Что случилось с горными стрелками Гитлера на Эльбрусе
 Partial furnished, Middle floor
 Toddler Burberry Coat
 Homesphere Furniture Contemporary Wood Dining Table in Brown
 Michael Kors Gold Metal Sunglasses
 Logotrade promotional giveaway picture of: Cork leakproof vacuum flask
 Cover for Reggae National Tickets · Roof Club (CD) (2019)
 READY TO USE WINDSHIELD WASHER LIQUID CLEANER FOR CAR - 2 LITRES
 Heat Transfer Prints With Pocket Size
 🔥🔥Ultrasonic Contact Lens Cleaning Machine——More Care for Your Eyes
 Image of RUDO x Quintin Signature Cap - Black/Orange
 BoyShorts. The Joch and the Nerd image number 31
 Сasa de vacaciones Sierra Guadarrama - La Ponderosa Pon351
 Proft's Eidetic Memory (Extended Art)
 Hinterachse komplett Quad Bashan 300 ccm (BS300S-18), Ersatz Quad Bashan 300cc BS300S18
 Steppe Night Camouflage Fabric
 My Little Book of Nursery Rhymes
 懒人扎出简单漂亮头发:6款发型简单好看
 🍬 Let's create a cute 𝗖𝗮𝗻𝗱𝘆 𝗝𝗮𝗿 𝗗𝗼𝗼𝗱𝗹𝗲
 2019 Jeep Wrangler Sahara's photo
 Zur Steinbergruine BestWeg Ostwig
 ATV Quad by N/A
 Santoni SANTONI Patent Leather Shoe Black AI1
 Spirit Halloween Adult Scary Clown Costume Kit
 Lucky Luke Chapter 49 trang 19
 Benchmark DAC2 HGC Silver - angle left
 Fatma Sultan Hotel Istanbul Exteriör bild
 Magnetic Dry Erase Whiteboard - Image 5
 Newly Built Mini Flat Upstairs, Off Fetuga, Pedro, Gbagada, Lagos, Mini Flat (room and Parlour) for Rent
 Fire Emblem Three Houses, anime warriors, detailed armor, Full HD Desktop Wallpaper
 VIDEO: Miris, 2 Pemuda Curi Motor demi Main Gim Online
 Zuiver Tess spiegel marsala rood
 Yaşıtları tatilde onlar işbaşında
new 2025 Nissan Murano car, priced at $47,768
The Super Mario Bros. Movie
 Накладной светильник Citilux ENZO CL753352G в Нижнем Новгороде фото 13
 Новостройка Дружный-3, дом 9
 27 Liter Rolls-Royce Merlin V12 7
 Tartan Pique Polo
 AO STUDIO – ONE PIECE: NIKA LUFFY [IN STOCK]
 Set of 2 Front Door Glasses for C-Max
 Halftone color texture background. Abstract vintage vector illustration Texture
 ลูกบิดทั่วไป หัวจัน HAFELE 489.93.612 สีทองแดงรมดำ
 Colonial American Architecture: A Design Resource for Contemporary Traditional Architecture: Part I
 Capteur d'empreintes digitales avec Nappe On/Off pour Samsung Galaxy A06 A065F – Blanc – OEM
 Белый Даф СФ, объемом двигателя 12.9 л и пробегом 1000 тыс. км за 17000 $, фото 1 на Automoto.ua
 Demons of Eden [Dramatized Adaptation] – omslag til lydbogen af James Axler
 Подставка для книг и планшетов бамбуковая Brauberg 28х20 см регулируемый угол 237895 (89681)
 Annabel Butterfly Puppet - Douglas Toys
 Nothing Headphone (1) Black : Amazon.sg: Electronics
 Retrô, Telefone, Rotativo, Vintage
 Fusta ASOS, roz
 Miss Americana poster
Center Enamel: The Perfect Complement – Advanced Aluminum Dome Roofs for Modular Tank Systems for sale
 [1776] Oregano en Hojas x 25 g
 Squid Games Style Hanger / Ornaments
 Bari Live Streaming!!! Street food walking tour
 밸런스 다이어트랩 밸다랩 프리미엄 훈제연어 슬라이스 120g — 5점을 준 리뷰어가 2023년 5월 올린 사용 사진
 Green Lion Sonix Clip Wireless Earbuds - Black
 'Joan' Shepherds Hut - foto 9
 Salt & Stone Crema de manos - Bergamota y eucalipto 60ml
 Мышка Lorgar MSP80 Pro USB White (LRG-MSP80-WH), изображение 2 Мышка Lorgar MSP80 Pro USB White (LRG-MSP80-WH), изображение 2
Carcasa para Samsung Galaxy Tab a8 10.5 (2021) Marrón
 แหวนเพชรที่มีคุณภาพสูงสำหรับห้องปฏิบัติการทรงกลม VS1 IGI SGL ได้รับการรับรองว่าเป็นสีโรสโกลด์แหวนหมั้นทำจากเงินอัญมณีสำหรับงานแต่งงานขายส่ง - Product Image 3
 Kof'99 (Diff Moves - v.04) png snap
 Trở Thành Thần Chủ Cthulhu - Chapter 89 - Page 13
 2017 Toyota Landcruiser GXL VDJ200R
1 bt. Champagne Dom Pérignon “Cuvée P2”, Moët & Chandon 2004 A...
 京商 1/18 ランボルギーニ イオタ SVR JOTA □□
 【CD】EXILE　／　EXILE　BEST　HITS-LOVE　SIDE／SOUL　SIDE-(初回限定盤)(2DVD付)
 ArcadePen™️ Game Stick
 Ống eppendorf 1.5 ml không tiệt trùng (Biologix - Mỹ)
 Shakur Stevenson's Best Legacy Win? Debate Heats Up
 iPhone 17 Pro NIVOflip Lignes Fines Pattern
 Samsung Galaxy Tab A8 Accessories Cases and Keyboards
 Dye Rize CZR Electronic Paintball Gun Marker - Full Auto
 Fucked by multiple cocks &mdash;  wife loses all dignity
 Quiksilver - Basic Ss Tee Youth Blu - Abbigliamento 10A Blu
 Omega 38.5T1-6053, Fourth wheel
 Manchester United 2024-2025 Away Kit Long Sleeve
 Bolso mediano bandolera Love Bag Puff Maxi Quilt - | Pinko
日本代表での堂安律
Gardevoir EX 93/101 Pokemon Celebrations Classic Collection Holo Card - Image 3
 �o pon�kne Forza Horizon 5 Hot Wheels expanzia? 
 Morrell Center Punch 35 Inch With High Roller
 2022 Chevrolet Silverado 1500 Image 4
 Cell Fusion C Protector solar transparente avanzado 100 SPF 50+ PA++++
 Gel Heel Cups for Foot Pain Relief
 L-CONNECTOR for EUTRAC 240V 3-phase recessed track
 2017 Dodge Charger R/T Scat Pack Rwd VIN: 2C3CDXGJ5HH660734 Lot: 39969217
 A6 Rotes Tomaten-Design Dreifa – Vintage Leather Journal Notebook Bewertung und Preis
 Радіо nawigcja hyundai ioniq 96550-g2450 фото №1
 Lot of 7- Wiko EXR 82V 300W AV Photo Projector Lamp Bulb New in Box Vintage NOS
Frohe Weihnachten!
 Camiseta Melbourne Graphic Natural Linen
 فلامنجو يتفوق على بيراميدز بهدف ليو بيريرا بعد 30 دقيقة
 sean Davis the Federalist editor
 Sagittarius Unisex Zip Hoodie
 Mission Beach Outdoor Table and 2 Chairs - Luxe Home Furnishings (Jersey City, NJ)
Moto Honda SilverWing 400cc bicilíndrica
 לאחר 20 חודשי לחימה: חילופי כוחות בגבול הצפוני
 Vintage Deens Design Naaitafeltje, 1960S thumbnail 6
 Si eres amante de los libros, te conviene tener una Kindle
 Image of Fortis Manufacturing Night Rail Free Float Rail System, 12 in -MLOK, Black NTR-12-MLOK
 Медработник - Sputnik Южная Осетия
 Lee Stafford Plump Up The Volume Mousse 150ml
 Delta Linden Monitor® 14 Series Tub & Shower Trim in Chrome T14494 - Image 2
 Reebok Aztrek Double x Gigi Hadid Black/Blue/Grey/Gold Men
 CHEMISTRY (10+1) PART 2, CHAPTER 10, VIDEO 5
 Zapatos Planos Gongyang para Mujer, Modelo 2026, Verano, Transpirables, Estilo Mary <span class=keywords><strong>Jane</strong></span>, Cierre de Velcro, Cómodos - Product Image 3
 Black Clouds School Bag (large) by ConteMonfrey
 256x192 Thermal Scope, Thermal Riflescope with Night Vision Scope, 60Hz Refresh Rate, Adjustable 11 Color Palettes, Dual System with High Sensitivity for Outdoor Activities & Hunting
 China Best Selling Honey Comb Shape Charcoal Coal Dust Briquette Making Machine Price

### Work to complete
Only one stretch of the records above is wanted: the lines between the one holding "READY TO USE" and the one holding "BoyShorts. The Joch", inclusive, reproduced exactly.

### Task response
 READY TO USE WINDSHIELD WASHER LIQUID CLEANER FOR CAR - 2 LITRES
 Heat Transfer Prints With Pocket Size
 🔥🔥Ultrasonic Contact Lens Cleaning Machine——More Care for Your Eyes
 Image of RUDO x Quintin Signature Cap - Black/Orange
 BoyShorts. The Joch and the Nerd image number 31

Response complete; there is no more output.